Le Ministre de la Communication, de la Culture, des Arts et du Tourisme a souligné un moment clé de la cérémonie : l’inauguration d'une nouvelle infrastructure au sein de la Bibliothèque, rendue possible grâce à la générosité de l'Ambassade du Japon et de l’Association Littérature Sans Frontière. L’infrastructure a coûté plus de 91 millions de francs CFA et est bâtie sur une superficie de 246 m².
Elle est constituée d'une salle de lecture, d'une salle de stockage de livres, d'un bureau, de salles d’eau et d'un pavillon externe, le tout entièrement équipé de mobiliers de bureau et de matériels informatiques.

Cette inauguration est la preuve tangible que l'engagement pour le livre et le savoir se traduit par des actes concrets et des investissements structurants, essentiels pour l’épanouissement intellectuel de la jeunesse, comme l'a rappelé la quatrième vice-présidente de la commune de Ouagadougou.

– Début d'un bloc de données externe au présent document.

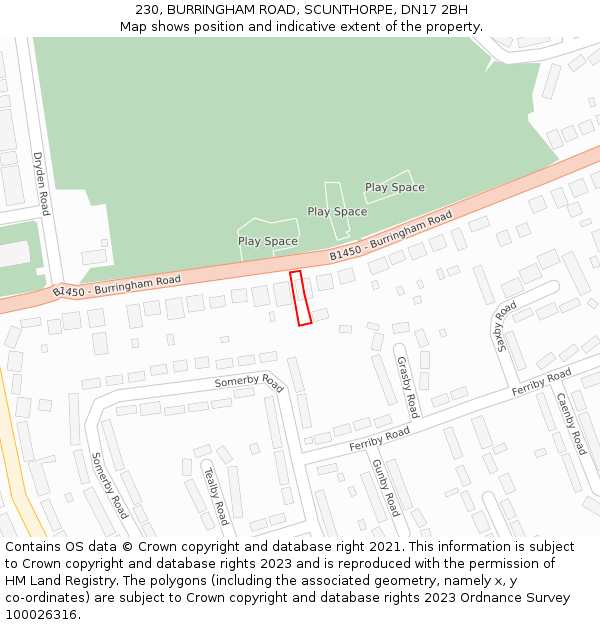 230, BURRINGHAM ROAD, SCUNTHORPE, DN17 2BH: Location map and indicative extent of plot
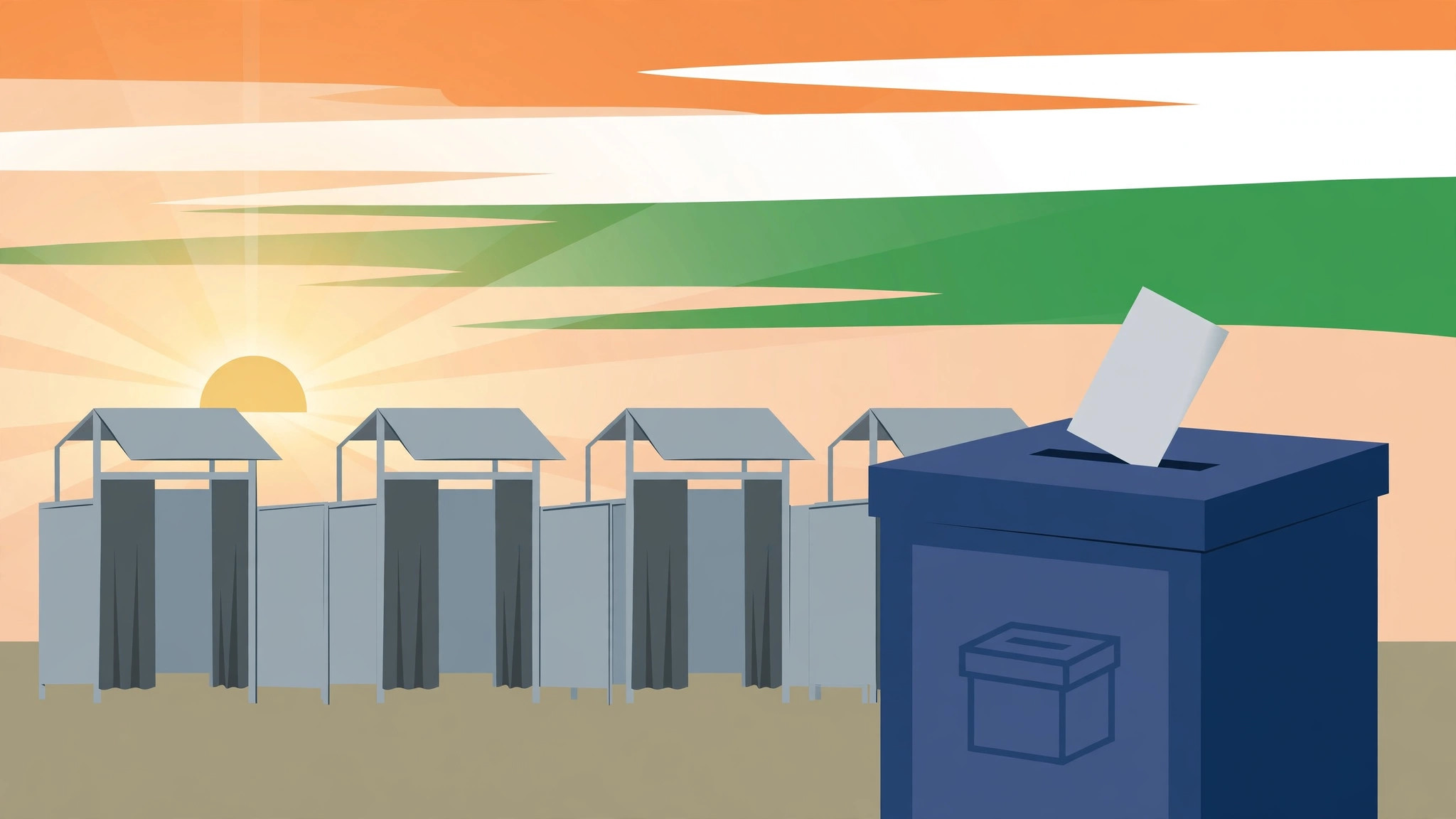 Illustration of voting booths and a ballot box under sunrise colours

L'Appel aux Jeunes : Lire, Écrire, Bâtir
Le message commun qui a traversé tous les discours s'adressait avec insistance à la jeunesse burkinabè et africaine. Le Président du Faso a clairement désigné cette génération comme « celle qui doit transformer notre résistance en victoire durable » et leur a rappelé : « Ne laissez personne penser à votre place. Lisez, explorez, questionnez, créez. »
Cette interpellation est un écho direct aux paroles de l'illustre Amadou Hampâté Bâ, rappelant que l'avenir de l'Afrique dépend de sa jeunesse. Parrainer la FILO, c'est accepter d'être un « passeur de flammes », cette flamme de la connaissance, de la curiosité et de l'élévation de l'esprit.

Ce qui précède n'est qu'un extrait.